We are easily impressed by the well-read. No one is turned off by a pair of sparkling eyes that tell you they know things, things clear of our small corner. Reading fires up such eyes and puts stars in them.
Yet on the other hand we, at least some of us sometimes don’t see much use in it. We even look down upon those taken by “too much” reading and call them nerds and bookworms.
Reading can be regarded as one option of life among many other things-not a necessity, just something to be picked up or put aside at heart’s will. Yet one thing remains a secret to those without books: the human heart needs light before it has sight to choose. We have no option but read for enlightenment before we exercise our will.
First things first, why do I keep exhorting my energineering students to read? So they have the eyes of Plato to see through ages and vicissitudes of life? This question is too deep to not wind us back at the “what universities are for” thesis that reeled among our educational philosophers for thousands of years.
The first priority of life for my polytechnic students is to acquire adequate skills and problem-solving abilities to survive and thrive in an industrial company . But where do skills come from? A lot of hand-holding from teachers, mentors and craft-masters for apprentices will help but nothing explains things so thoroughly as theories, mechanisms and operational steps in written words.
Add all that clarity from reading to practical hands-on training, you have tools under your belt now and a mind to grasp more to come. In books the right ways of doing things are printed in black-and-white intelligent articulation, which learners can consult time and again without any fear that soon the memory will fade or the spoken words will dissipate.
Reading informs you on what you need to know to get things done, especially when learned people are not around or willing to spoon-feed you answers to your questions. And half the time, we don’t even know what to ask of the masters given a tuition-free oportunity to do so.
Intelligence is called for to come up with questions to the point.
Intelligence needs to be in place first for the learners to discern the suitable solution, especially in real-life scenarios as opposed to school simulations.
Intelligence gets built the best by reading written words and that hasn’t changed since the invention of scrolls, no matter what other dazzling media came after, be it picutres, I-MAX or powerpoints. The reason lies in written words’ inherent utility to abstract and condense information and arguments, which will take videos and pictures to unzip and aural repetitions to knock into consciousness.
Even without the pragmatic functions in terms of handing you tools and letting you in on craft techniques, books pose as a magnetic realm where each plug you in a different world.
I particularly love those that can make me understand, appreciate, and love beyond what I see and feel currently.
_Anne of Green Gables kindled a flame of admiration in me for nature, for idyllic country life and for what education is. The little orphan girl Anne’s high spirit, pure enjoyment of everything beautiful around her and refreshing unselfconsciousness rubbed off on me.
She was more of a heroine than Jane Eyre if I have to choose: one is sunlight trickling through apple-tree leaves, the other is river-water flowing and bumping under ice near the end of winter.
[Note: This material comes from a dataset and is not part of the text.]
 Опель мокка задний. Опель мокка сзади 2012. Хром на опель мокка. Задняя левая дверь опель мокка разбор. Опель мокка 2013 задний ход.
_Educated: A Memoir _sets me before the critical question: to judge or not to judge? For the first time in life, it dawned on me I don’t have to morally rate people around me or even myself over every single matter of controversy in order to move forward.
The purpose of life is not to be in the right all the time, especially not toward made-up dilemmas, others’ ethical predicaments or rationalization over one’s own past actions.
What is more important shines at the horizon a bit further: to change, to grow, to advance. Understand what is going on and hit the road, leaving behind what you have no duty or desire for and leaving with what you believe needs to be fulfilled.
Books, fiction or non-fiction alike, untangles, enrich and uplift our heart and mind.
The only thing they might not be able to do for you is living your life with its daily niddy griddies. That, you gotta tread out yourself, with tear, sweat and sometimes blood. But the inspiration, the enlightenment, the guidance lights a lamp for you to find the way.
Even whatever landscape awaits at the end of the road or whatever beautiful scenaries along the way organically grow through your reading, as a tree to a forest.
Reading, literally, makes our life better as it runs a snow-melt creek through your originally-foggy mind and allows jasmine, plantain and cedar blossom into an expansive, structured and charming garden in there.
Reading is not just making the world bigger for us - it makes our own heart a better, bigger and breezier world itself to enrich, encourage and expand others.